What happens if you instruct your attorney to assist your suicide in your Lasting Power of Attorney?

In this case, the Public Guardian made nine applications to the Court of Protection because he had received nine Lasting Powers of Attorney with provisions relating to euthanasia or assisted suicide. Some of the LPAs appeared to have “instructions” about euthanasia or assisted suicide while others expressed those thoughts as “preferences”.  As many of these cases arise every year, the Public Guardian was looking for guidance from the Court about whether these provisions were lawful.

Section 62 of the Mental Capacity Act confirms that nothing in the Act affects the law relating to murder or manslaughter or the operation of Section 2 of the Suicide Act 1961 (which deals with assisting suicide). A person commits an offence under Section 2 of the Suicide Act if they do an act capable of encouraging or assisting the suicide or attempted suicide or another person and that act was intended to encourage or assist suicide or an attempted suicide.  The offence can be committed whether or not a suicide or an attempted suicide actually occurs.

Any prosecution under this provision would need the agreement of the Director of Public Prosecutions. There is a code for Crown prosecutors which deals with the factors that might lead to prosecution and the factors that might indicate against.  This was revised to become compliant with the European Convention of Human Rights following the Purdy case.

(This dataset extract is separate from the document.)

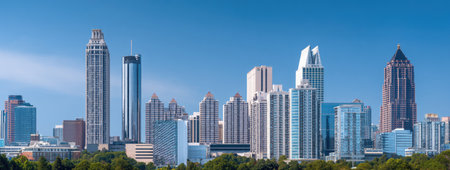 The image displays a cityscape featuring various skyscrapers under a bright blue sky. The composition highlights the architectural diversity and dense structures of the city, showcasing modern building designs. It can be used for commercial purposes related to urban planning, real estate, or general business concepts.の素材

The Judge noted that a person could use an advance decision to refuse medical treatment. However, those decisions are limited to refusal of treatment that might sustain life rather than consent to treatment that might end it sooner. The Judge felt that unless the Lasting Power of Attorney contained a provision which would be ineffective as part of a Lasting Power of Attorney or would prevent it from operating as a valid Lasting Power of Attorney, the Public Guardian is under a statutory duty to register it.  He cannot decline because he considers it would not be in the donor’s best interests for it to be registered.  The Judge said that if a Lasting Power of Attorney contains an instruction requiring the attorney to act in a manner inconsistent with the law it will generally be ineffective as part of the Lasting Power of Attorney.  That would mean the Lasting Power of Attorney could only be registered if that provision was severed, ie; taken out.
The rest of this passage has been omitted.